Блистал синтетический артист Леонид Утесов, он, казалось, мог все — читать стихи и прозу, ходить по проволоке, делать сальто, петь, играть на всевозможных музыкальных инструментах.
Огромное количество куплетистов заполняли эстрадные площадки, и среди них выделялся красивый одессит Владимир Кемпер, взявший себе звучный псевдоним Коралли. В числе многих других он гастролировал в Харькове в театре «Арлекин». Клава была на одном из его выступлений и, естественно, не предполагала, что этот шустрый, верткий, ухоженный молодой человек через несколько лет станет ее мужем, и жизнь ее сделает еще один крутой поворот.
Шульженко с помощью Жени Брейтигама и его друга Юлика Мейтуса нащупывала свой репертуар, первый репертуар именно советской песни. В разгаре был нэп, и мгновенно народившаяся совбуржуазия не отличалась изысканным вкусом (увы, напрашиваются исторические параллели). На эстраде царили старинные и очень жестокие романсы, ну и, конечно, цыганщина. Никому из той плеяды певцов в голову не приходило петь о совдеповской действительности. «Песня о кирпичном заводе» стала первой советской, поистине массовой песней.
Продолжалась работа и в репертуарном театре. Нелли Влад быстро смекнул, что популярность Шульженко в Харькове растет, как на дрожжах. Не ожидая от нее актерских откровений, он вставлял музыкальные номера в наспех сколоченные спектакли, преимущественно почему-то на испанскую тематику.
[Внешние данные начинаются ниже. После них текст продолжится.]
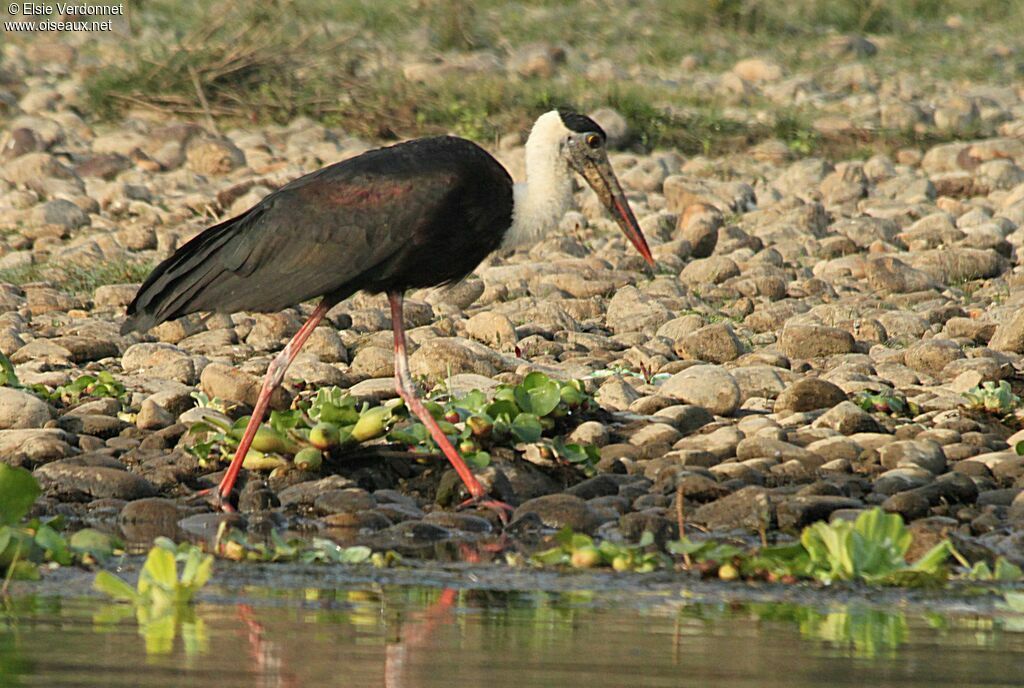 Woolly-necked Stork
В харьковских газетах спектакли эти ругали, вместе с Нелли Владом, и хвалили Клавдию за ту или иную исполненную песенку в спектакле. Назревал конфликт.
Роман с Григорьевым пришел к своему логическому развитию. Однажды Клава не пришла домой ночевать. Врать она не умела (так и не научилась за всю последующую жизнь), а говорить не хотела. Но говорить и не нужно было. Родители и так все поняли. Вера Александровна молчала, строго поджав губы, а Иван Иванович, любивший и боготворивший дочь, очевидно, не сразу сумел понять, что Клава стала взрослой.